Vargas, os positivistas e os governos pós-ditadura entenderam o óbvio: sem uma mediação do Estado e uma política DE ESTADO de gestão de conflitos, algo que via de regra é presente desde o Império, o bicho pega, bebê chora e mãe não vê.
E ninguém entendeu isso por amor à causa ou generosidade, mas porque pouca coisa é mais presente no Brasil que o barril de pólvora eterno das relações étnico-raciais, de classes, de gênero e trabalhistas.
Foi com base nisso que os positivistas da primeira república criaram meios de lidar com indígenas, depois de tomarem na cabeça com oitocentas revoltas como Canudos, Contestado, Revolta da Armada, Revolta da Vacina, Revolta da Chibata, e tentar organizar, primeiro nos estados e depois nacionalmente, meios de lidar com trabalhadores. Vargas chegou a isso nos idos de 1935 e Sarney em 1985 com a organização de meios de lidar com a reforma agrária.
E essa política de Estado de mediação e tutela está sendo com Bolsonaro atingida no coração.
Claro, há outras considerações para nos preocuparmos, mas outros escreverão estes textos, minha abordagem é apontar pra bobagem em curso.
Porque o movimento menos organizado que está sendo atacado por Bolsonaro é o sindical, que possui pelo menos cinco centrais sindicais e sindicatos em todo território nacional com variados graus de força e enorme poder de mobilização, mesmo enfraquecidos.

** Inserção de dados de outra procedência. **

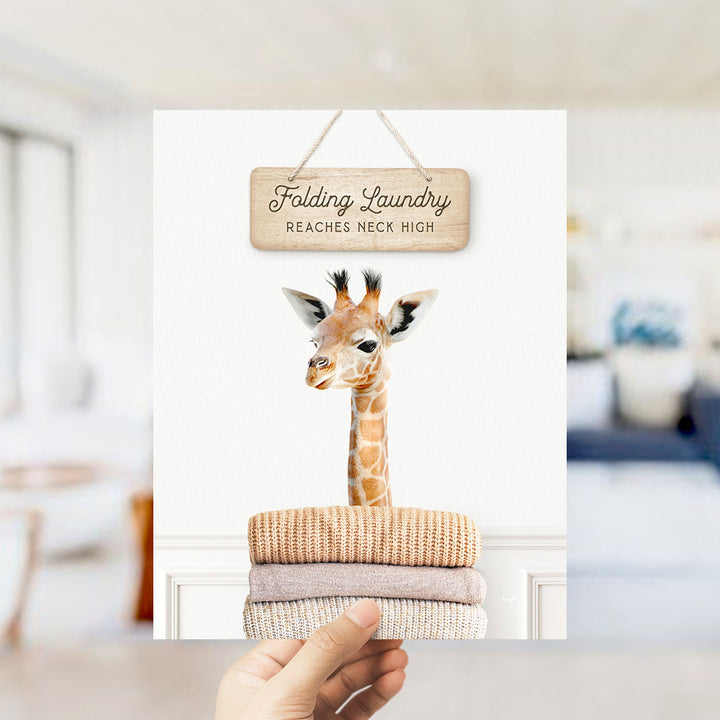 A hand holding a sign that says "Folding Laundry Reaches Neck High" above a stack of folded towels.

No lado dos defensores da Reforma agrária e fundiária o MST e MTST são extremamente organizados, sendo que o MST hoje é também uma força econômica na área de agroecológicos.
Indígenas estão on fire desde o primeiro governo Dilma e são fácil a vanguarda da resistência ao capitalismo agroexportador e predatório hoje em dia.

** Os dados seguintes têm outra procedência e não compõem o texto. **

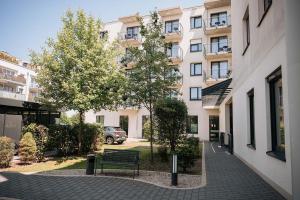 a bench on a sidewalk in front of a building at Coffee Fellows Hotel München-Freiham in Munich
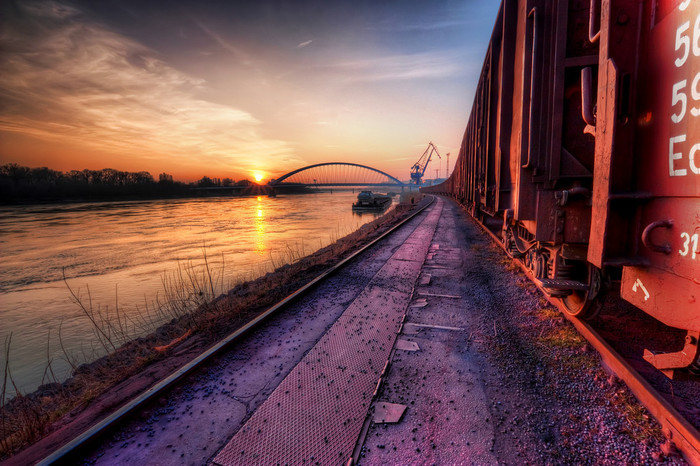 Long train running I took a little walk through the cargo port in Bratislava last weekend and I took a lot of shots :). As is visible on the photo, this was taken right at the sunset, which gave such nice colors to the photo. You can see the Apollo bridge in the distance with one of the port cranes. Btw. the title was inspired by the Doobie Brothers song :) HDR from three shots, taken with Canon 450D with Sigma 10-20mm lens, from a tripod.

Juntem a isso o esvaziamento ou ataque direto ao movimento de mulheres aos movimentos LGBT+ com uma ministra misógina e homofóbica na secretaria de Direitos humanos, sob a qual estará a secretaria de mulheres e, se for mantida, a de políticas LGBT+.
E o que temos com isso tudo? O circo pegando fogo.

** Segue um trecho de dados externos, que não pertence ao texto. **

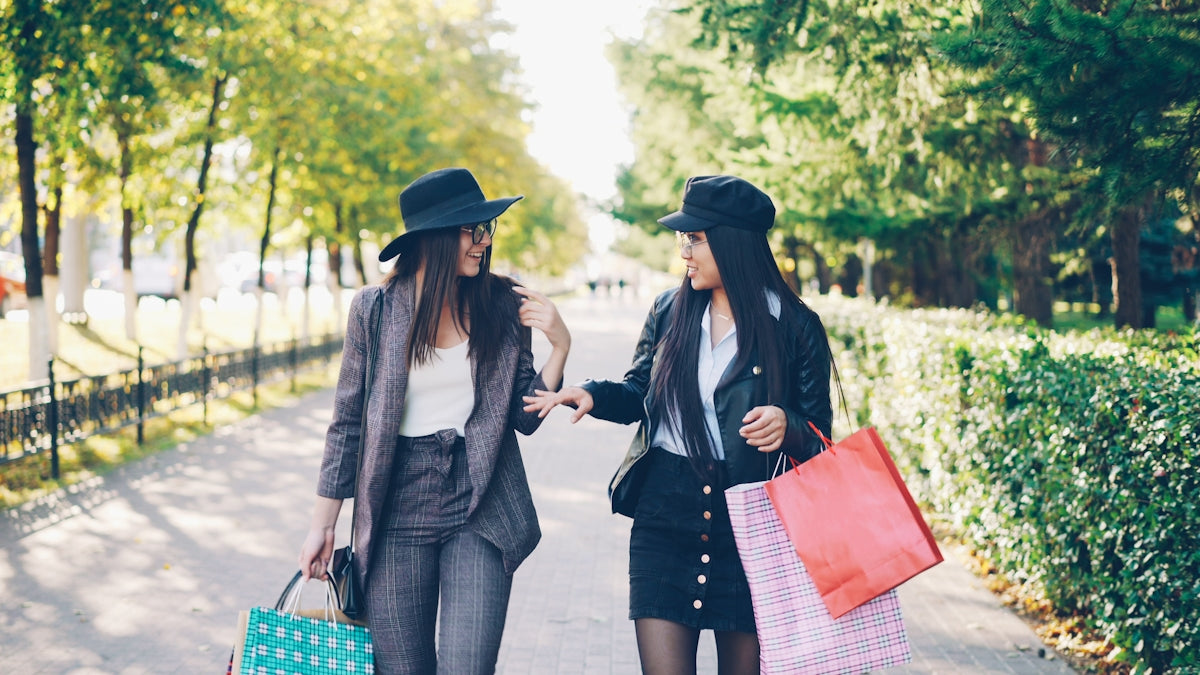 Two women with shopping bags walking together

Acrescentem a nítida ameaça de punições ao Brasil por atos que atacam o acordo de Paris, reforçado no G20 e com impactos inerentes no dia a dia da OMC, e também problemas com a educação e o mercado da educação pelo patrocínio ao Escola sem Partido vindo do governo eleito (UNDIME e Fundação Lemann assinaram manifesto contra o ESP indicando que secretários municipais de educação e organizações empresariais não estão brincando na oposição ao projeto), além de reações dos mercados árabes à sugestão de transferência da embaixada do Brasil em Israel para Jerusalém e temos um caldo cultural da zona.
O Governo Bolsonaro atirou para todos os lados e acertou, reforçado inclusive pela opção preferencial em bater de frente com partidos ao nomear nomes pertencentes a eles ignorando suas direções, como se fosse uma dinastia que chegou ao poder por direito divino.
Só que em vez de dinastia o que me parece é que teremos um circo, e pegando fogo, algo que nunca foi atração de circo.
Ao gerar prejuízos para a elite e revolta em setores organizados da população, pouca coisa é mais palpável que, pelo menos, um retorno ao clima pré-revolução de 1930, e sem a base de apoio das oligarquias de São Paulo e parte do país, como visto nas declarações de próceres de DEM e MDB, apenas o apoio fugas de uma população que quer, pra ontem de tarde, emprego e renda.
Dificilmente um conjunto de ataques aos trabalhadores, movimentos sociais, indígenas e sem teto e sem-terra ficarão sem resposta.
Dificilmente haverá apoio da comunidade política organizada na defesa de um governo que promete muitas guerras, mas não conta exatamente com um exército e nem garante entregar o carro-chefe desejado pela elite econômica: a reforma da previdência.
Parece que teremos um caloroso espetáculo.